According to sleep expert and Oxford University Professor Dr. Paul Kelley, a traditional nine-to-five workday is only benefiting a very small segment of employees because that start time is too early for most people.
You heard that right — nine in the morning is too early to start work. Unless you’re in the 55-and-older demographic, Kelley says you’re fighting your body’s natural biorhythms by starting the workday closer to 10 a.m.
Optimal wake-up times
As reported in The Guardian, Kelley originally started conducting research to find out when school-age children experienced “true body awakening” and whether the starting time at most schools was optimal for those children.
That research uncovered the following body wake-up times for children:
- Up to age 10 — 6:30 a.m.
- Ages 10 to 16 — 8 a.m., and
- Ages 16 to 18 — 9 a.m.
From there, Kelley took his findings and estimated body wake-up times for adults. What he found: Adults lose sleep during the night and, as a result, don’t fully awaken until much later than the start of the traditional work day.

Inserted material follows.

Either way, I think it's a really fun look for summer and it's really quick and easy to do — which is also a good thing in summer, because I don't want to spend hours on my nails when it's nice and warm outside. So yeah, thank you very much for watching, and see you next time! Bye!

Then, around their mid-50s, people start to return to their 10-year-old awakening patterns, Kelley said.
Finally, Kelley drew some conclusions about why the nine-to-five schedule is still the dominant schedule of most workplaces: because it’s ideal for older workers — the employees who generally set the schedule in the first place.
Kelley identified the starting times that are most likely to translate to maximum efficiency for workers. These included:
- 8 a.m. (ideal start time for 50-somethings)
- 10 a.m. (workers in their 30s), and
- 11 a.m. (Millennials).
Of course, simply allowing workers to start work according to their optimal body wake-up times isn’t a feasible option for many companies.
Among other things, research has shown managers have a bias against employees who start their work day later than their peers. As HR Benefits Alert covered previously, a report by the University of Washington’s Foster School on flexible scheduling found that flex-time workers’ who work early hours are considered better overall employees by their managers than those employees who choose to work later hours.
This is the first report of its kind on flexible scheduling bias.
After conducting three separate experiments on managerial bias toward flexible scheduling, researchers came to the same conclusion: Managers view employees who start work earlier as more conscientious and more productive than their peers.
According to one of the study’s co-authors, Kai Chi (Sam) Yam:
Compared to people who choose to work earlier in the day, people who choose to work later in the day are implicitly assumed to be less conscientious and less effective in their jobs.
Based on the findings in this study, employees who choose to set their schedules to work later hours could wind up having their performance judged by factors that actually have nothing to do with their performance. And this type of bias could unfairly impact these workers’ pay and advancement opportunities.